Asset management and investment banking firm of UAE

SHUAA Capital psc (DFM: SHUAA) is an asset management and investment banking platform.

== History ==
- SHUAA was established in the UAE in 1979 as the Arabian General Investment Corporation (AGICO) by Emiri Decree number 6 of Sheikh Rashid Al Maktoum. Initially, AGICO pooled capital from regional Chambers of Commerce and invested it across the region.
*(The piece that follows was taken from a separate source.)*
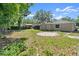 View of the backyard with partially overgrown landscaping and mature trees at 126 Brandy Hills Dr, Port Orange, FL 32129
The company was listed on the Kuwait Stock Exchange in 1984.
- In 2000, it listed on the Dubai Financial Market.
- In 2001, AGICO completed a name and identity change to SHUAA Capital - SHUAA is the Arabic acronym for Arabian General Investment Company.
- Between the period of 2003 and 2007, SHUAA was involved in a number of IPOs for regional companies including Arabtec, Amlak Finance, Aramex, Petrofac, Air Arabia, Deyaar and DP World
- In 2007 SHUAA opened offices in Saudi Arabia and issued an AED 1.5 billion (US$408.72 million) convertible bond to Dubai Banking Group, which on maturity in October 2008, was to convert to 250 million shares, representing a 32 per cent stake.
- Following the global economic downturn, an agreement on the restructuring of the convertible bond with Dubai Banking Group was reached on 2 September 2009 when 515,000,000 shares were issued to Dubai Banking Group. The agreement was based on revised terms and in consideration for the extinguishment of the issued bond, thus giving the Dubai Banking Group a shareholding of 48.4 per cent in SHUAA.
- In 2010 SHUAA embarked on a restructuring process which included divesting from non-core assets and strengthening its balance sheet.
- SHUAA continued the restructuring of its cost base in 2011 under a management team led by Sheikh Maktoum Hasher Al Maktoum, exiting its retail brokerage division and non-core investments. It also closed some regional branch and representative offices and refocused its research department for institutional clients.
- As a result of the vast restructuring program, SHUAA turned a profit of AED 1.3 million in the second quarter of 2013. On January 13, 2014 the company reported preliminary results for 2013 and a net profit of AED 2.8 million.
- SHUAA Capital (SHUAA) merged with Abu Dhabi Financial Group (ADFG) in 2019 in a transformational merger, creating the leading asset management and investment banking platform in the region.
- SHUAA's audited annual results for 2019 highlighted the company's solid financial performance and ability to sustain revenues and capitalize on growth opportunities, despite the focus on merger and integration activity as well as challenging market conditions and geopolitical uncertainty. The company reported an EBITDA of AED 186 million and a net profit to shareholders of SHUAA Capital of AED 47 million by 31 December 2019.
- In November 2020, SHUAA Capital announced a new partnership that aims to tap into the citizenship-for-investment market, with an initial $118 million real estate fund in Montenegro.
- In 2022, SHUAA was the key investor in Yabi, a financial literacy fintech startup in the MENA region.